And neither were they universally welcomed, with one Edinburgh subscriber grumbling

that: “Any person off the street may, for a trifling payment, ring up any subscriber and insist on holding a conversation with him.”

When the telephone service was taken into full public ownership under the Post Office (GPO) in 1912, it was time for a standardised design. The K1 (‘k’ for kiosk) was born, but was never able to win hearts. By 1923, competing designs were presented and, although none were accepted, the Royal Fine Arts Commission held a design competition in the following year. Three famous architects – Sir John Burnet, Sir Robert Lorimer and Giles Gilbert Scott – were invited to participate. Scott’s design with moulded columns, back-lit rectangular sign and a royal crown above was selected. Britain’s second standardized kiosk, K2, was too large and expensive for general use, yet still sparked our national obsession. Tweaked designs followed but the GPO still couldn’t settle on a truly universal design.

Luckily, George V’s Silver Jubilee in 1935 provided a high-profile opportunity to remedy this. Scott’s K6, known as the Jubilee kiosk, would become ubiquitous thanks to the Jubilee Concession Scheme, which provided a phonebox for every town and village that had a post office – more than 1,000 were installed across Britain.

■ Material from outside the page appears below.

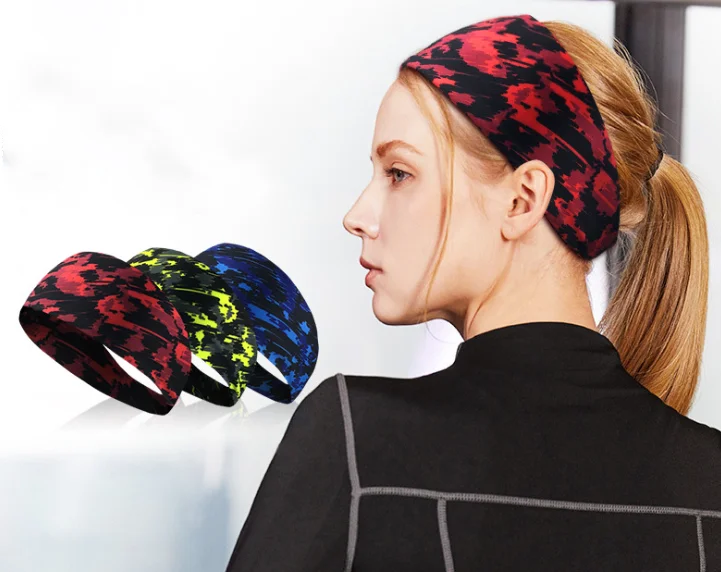 2019 Fashion Breathable Riding Scarves Running Headband unisex cycling sports headband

Yet, at first, the K6 still wasn’t entirely embraced and the colour proved an issue. When the question was raised in the House of Lords in 1947, the Postmaster General gathered the Royal Fine Arts Commission and various councils together to examine six kiosks painted different colours and settle the matter once and for all. The verdict? The boxes would be Post Office red. The red box became part of the national sense of identity for decades. By the turn of the 21st century, mobile technology fundamentally changed the public’s relationship with telephones, yet Scott’s design lives on in the national consciousness and our nostalgia for an earlier iteration of Great Britain. Indeed, in many places, these landmarks have found second lives as tiny cafés, shops and libraries, and as enduring testament to the power of good design.